I'm going to pray again now.



Lord, You who are the wisest, You who are the most compassionate, You who are the most giving, having given freedom to our souls, and salvation from eternal pain, please take pity on my mortal foolishness, and grant me again Your blessing and the strength to do everything I attempt in Your name, for Your glory. I pray that I will not fail You, and that You will sent other servants to walk by me, so that we may all worship in peace and unity, enjoying the beauty of Your creation, all you have given us. Thank You Lord. Thank You Jesus Christ. I love You with all my heart and soul for eternity.

Amen.

2005/08/24

Listen to this song!

Here's what I'm listening to right now. Beautiful and contemplative.


The Fire Theft- Heaven





2005/08/23

follow up

I didn't have my usual camera the Sunday before last, and it's a blessing that anything came out at all!

Recently my grandma's health hasn't been the best, so I've been traveling to spend time with her and pray for her.


I'm starting to find some pretty cool churches / Christian youth groups to hang out with here in NYC. I want to document them a bit better and find out how my experiences compare to churches across the US.

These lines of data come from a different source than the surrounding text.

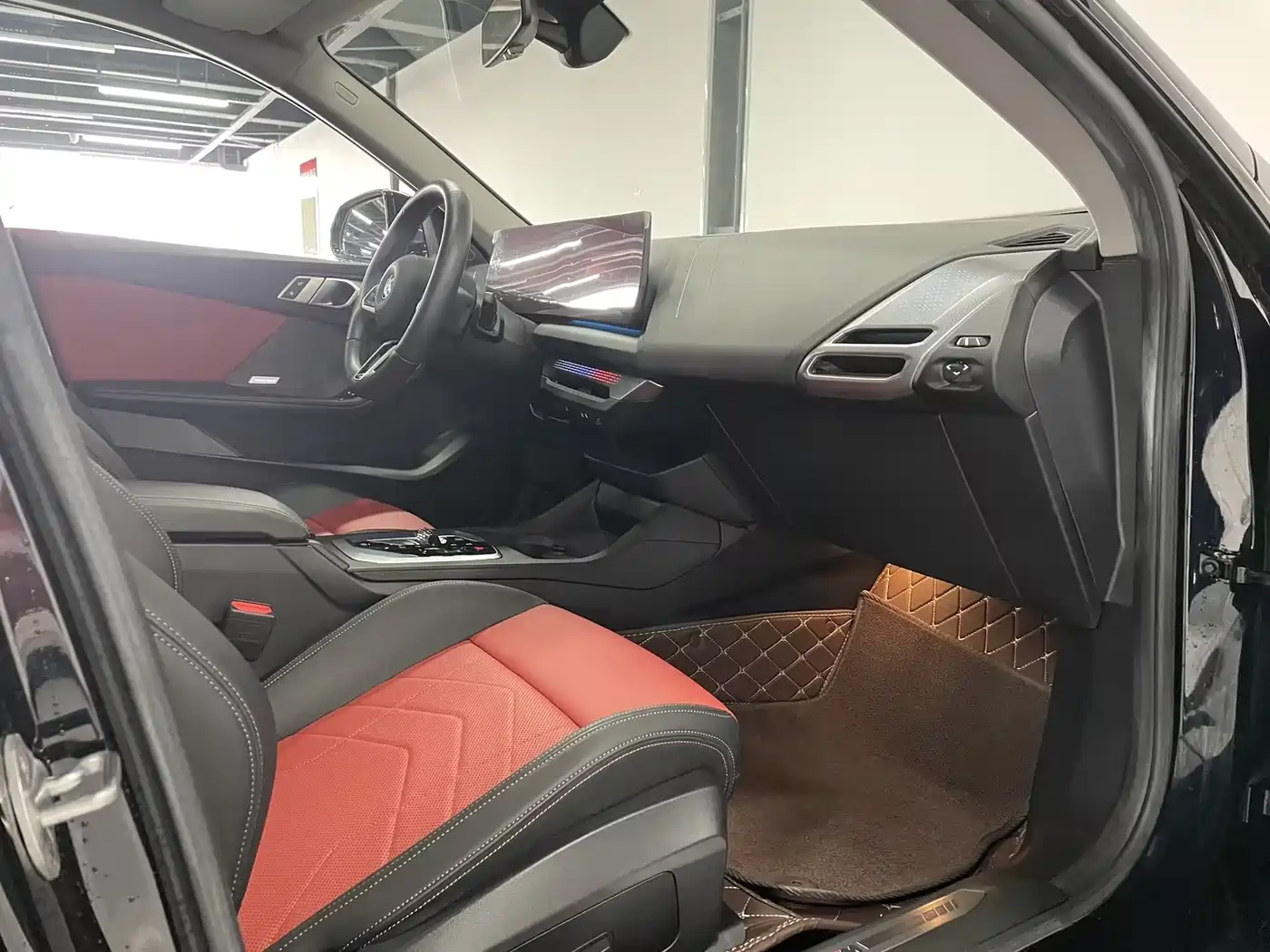 BMW 2 Series 2025 225L M Sport Moonlight Package фото 13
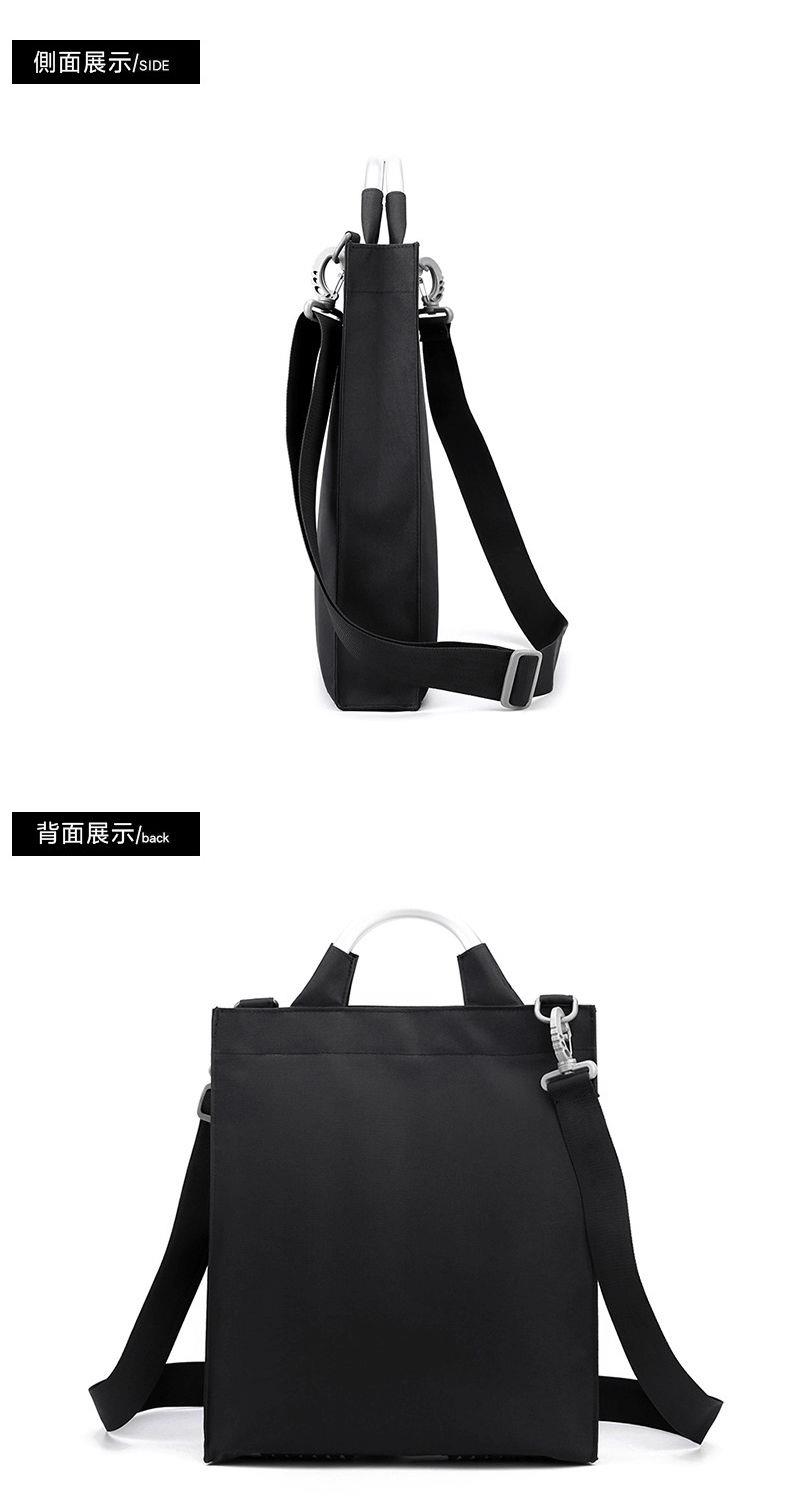 側面展示SIDE 背面展示back 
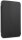 case LOGIC® SnapView Tablet-Hülle für Apple iPad mini 6. Gen (2021) schwarz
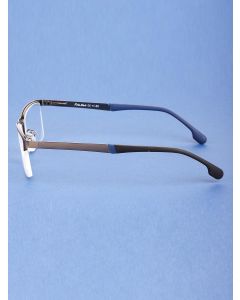 Buy Ready-made eyeglasses with -2.0 diopters | Online Pharmacy | https://buy-pharm.com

I'm going to China in November! And I'll write about how it is there. I'm not really sure that I can afford it, but I'm gonna try until I run out of money. I plan to look into ministries from New York to find some contacts there. I'm already applying to a school where I can study the language for 8 weeks at least. It's expensive! But I'll be keeping the faith pure and strong so good things may happen!